Now, my personal reason for doing this was my own intense desire to satisfy myself as to the authenticity and the spiritual content of the Gospels and, if I received any new light by an intensive study of the Greek originals, to pass it on to others. I approached them in the same spirit as I would have approached them had they been presented to me as recently discovered Greek manuscripts, rather like the Old Testament manuscripts which a year or two ago were found in that cave in Palestine. That is the spirit in which I undertook my task, to find out new things.
My story goes back to the days of the blitz when I was in London and in charge of a fairly large youth group. I'd always found the Epistles particularly inspiring and full of spiritual help, but these young people quite plainly couldn't make head or tail of them in the Authorized Version; these were not for the most part church young people at all. And when during the blackout I attempted to while the time  away by reading to them from the Authorized Version, quite honestly they couldn't make any sense of it at all.
So in a very small and amateur sort of way I began to translate them from the Greek, simply in order that they might understand them. I think I began with Colossians. And then I had a bit of luck, because something prompted me to send a copy of Colossians to C.S. Lewis, whose works I at that time was greatly admiring. And he wrote back these most encouraging words: "It's like seeing an old picture that's been cleaned. Why don't you go on and do the lot?" Well, I took his advice, and I did eventually translate all the Epistles, and they were published as "Letters to Young Churches." ...
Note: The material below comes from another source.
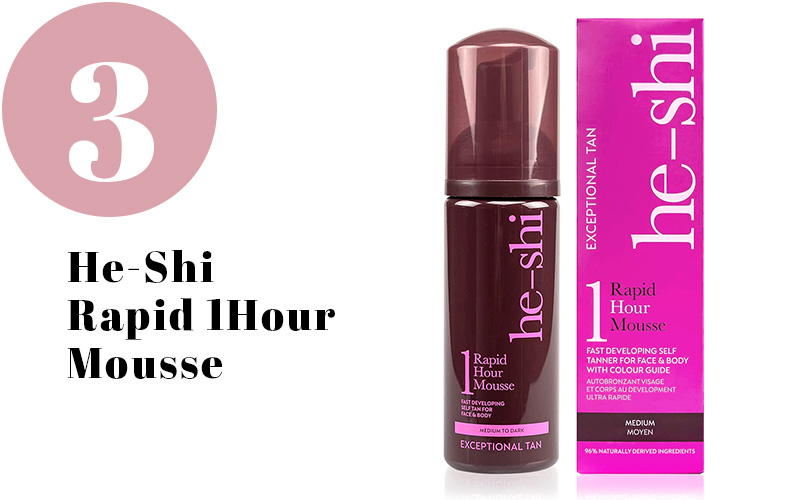 TOP3-He-Shi-1Hour-Mousse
I do so agree, if I may put it in here, with what Doctor Rieu has said about disabusing one's mind of the Authorized Version or any other version that one has in mind. I also tried to forget about everything I'd ever read in the way of translating, or indeed of interpretation, and to read the Greek documents on their own merits, let them strike me with their impact, if they had any impact, as something I'd never seen before. Of course, one can't altogether succeed in this, but I did try to do it. Well, that very briefly is how it started with me
Rieu comments here on the use of the term 'paraphrase'.
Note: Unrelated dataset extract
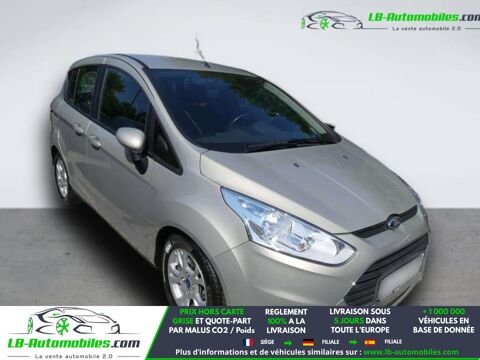 B-max 1.6 Ti-VCT 105 BVA 2016 occasion 31850 Beaupuy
The word is much misused, by the way; it is often used as a term of abuse for very good translation. I should put it in this way, that it is permissible only where literal translation is liable to obscure the original meaning. I would go further and say that on such occasions it is not only permissible, but it is imperative, and therefore it becomes good translation, and the word 'paraphrase' should disappear.
I sometimes wonder, Doctor Rieu, whether our critics realize what a very difficult task we set ourselves. They criticize this, that, and the other — but it means a good deal of headache for us, doesn't it? What I don't think some of them realize, you know, is that we have to come down on one side or the other. A critic or commentator may say this may mean A or B, or even C or D, but you and I have to come down one side or the other.
I would like to reiterate this point, i.e. that a translator, every translator, has to make a choice, a human choice, about how to translate the Greek text. There are no exceptions. A close reading of this discussion will show that these two men did make different translation choices, but they were able to talk amicably about these differences and come to a greater understanding of each other and the translation process.